Meet David Burnette, your barman at South on Main. David came to us via the Capital Hotel Bar. He takes pride in his craft and has recently been chosen to attend Portland's Cocktail Week. We recently sat down with Dave to ask him about Portland's Cocktail Week and how he got into the business of the bar:
Tell us about Portland's Cockail Week.
In a few short days I will be leaving the comfort of the South to take advantage of a great opportunity to explore a city with a fantastic cocktail scene. Portland Cocktail Week, held October 20th through the 24th, will attract many of the world's most talented bartenders, spirits makers, and brand ambassadors to the same place all at once. The focus this year is on education, and I will specifically be studying aspects of how the bar at South on Main is operating and how to make it function better. At the same time, I will be spending time with many old friends from other events, such as Tales of the Cocktail in New Orleans, and reconnecting with bartenders I've worked with in the past in other markets, along with some other Little Rock bartenders.
Upon returning home I should be reinvigorated with new ideas both creatively and organizationally. I'm extremely excited.
What was the first cocktail you ever tried?

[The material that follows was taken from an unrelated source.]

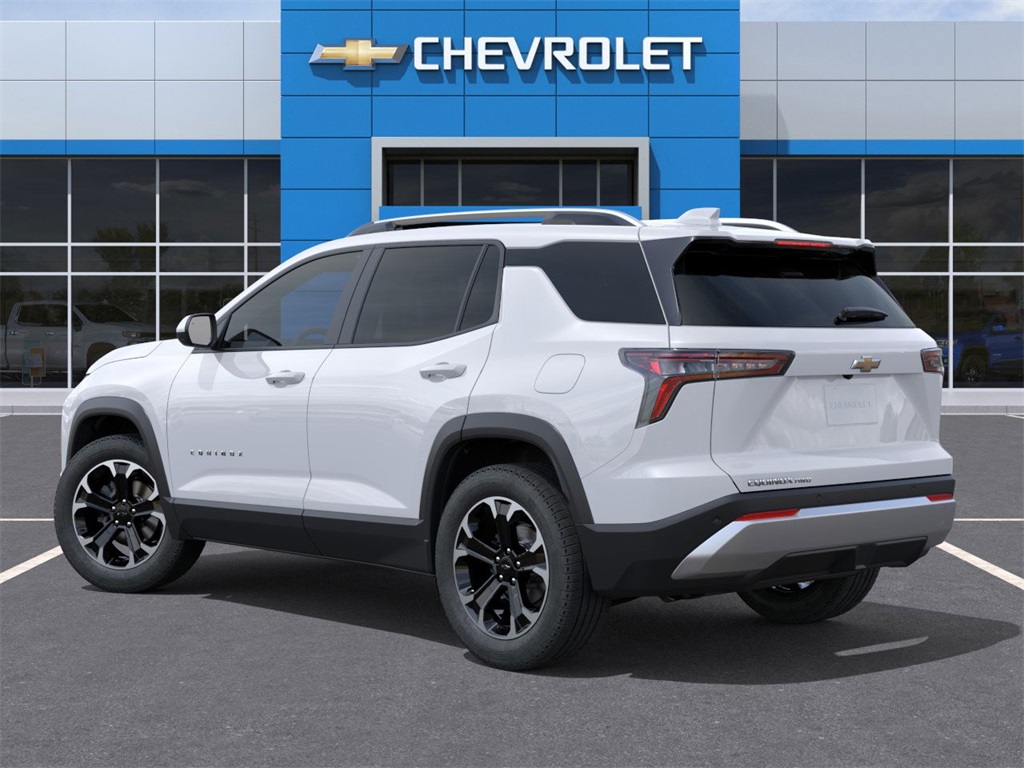 2026 Chevrolet Equinox LT photo 2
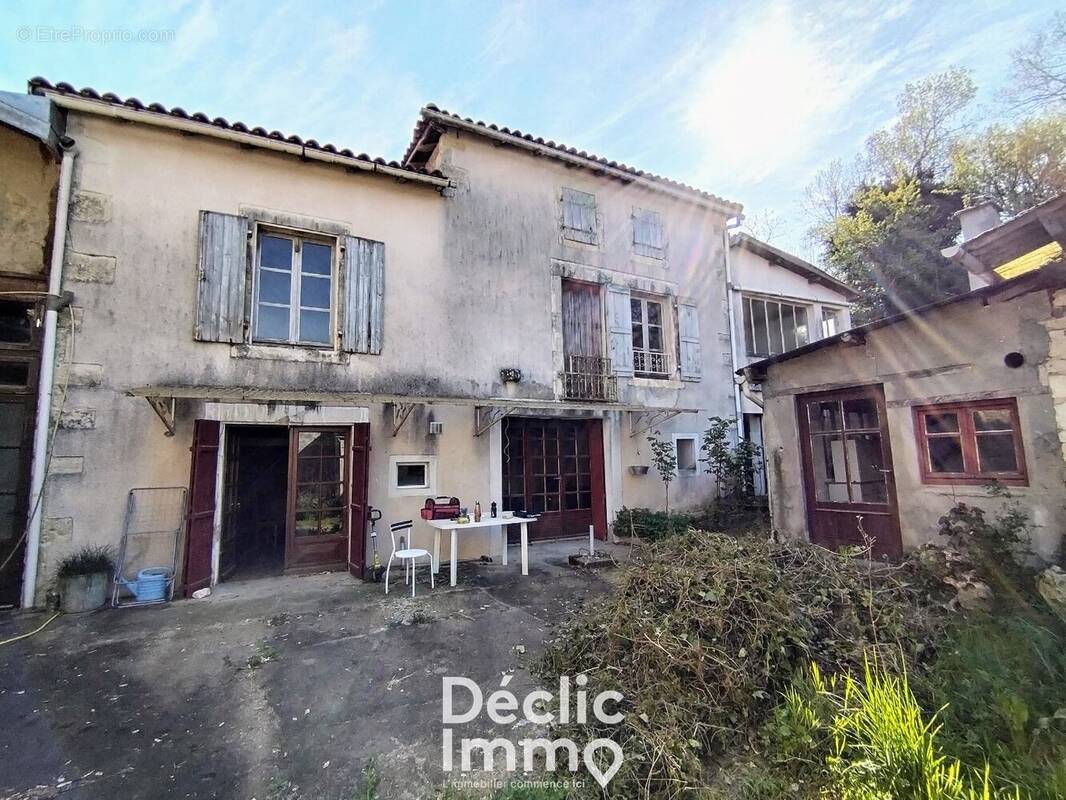 Maison à VERTEUIL-SUR-CHARENTE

I cringe to think about my first attempts at cocktail making. I grew up in a dry county, and went to college in one as well. Good cocktails weren't something we had at our disposal. I remember making Long Island Iced Teas out of the cheapest possible booze for a bunch of people at my fraternity house one night. We all got very ill. The first good cocktail I had was a Mai Tai at a pool party. Someone brought a recipe and good ingredients and I was in charge of making them. They were tasty, and I was hooked on mixing.
How did you get into bartending?
In 2002 I moved to Nashville and immediately got a job at The Merchants downtown. It was a neat old hotel that had been converted into a restaurant. I had very little liquor knowledge at the time, but was fascinated by the ornate copper-top bar in the center of the first floor. The bartender when I started there was an older gentleman named Danny who was somewhat of a local legend in Nashville for his flair bartending and charming personality. He immediately recognized that I was interested and started giving me pointers. Although I'm not a flair bartender, he definitely had a huge influence on getting me started. A few months later the restaurant changed management, and the new GM and the majority of the current bar staff failed to see eye-to-eye, so a position opened up, and I was thrown into it with a cocktail book in hand.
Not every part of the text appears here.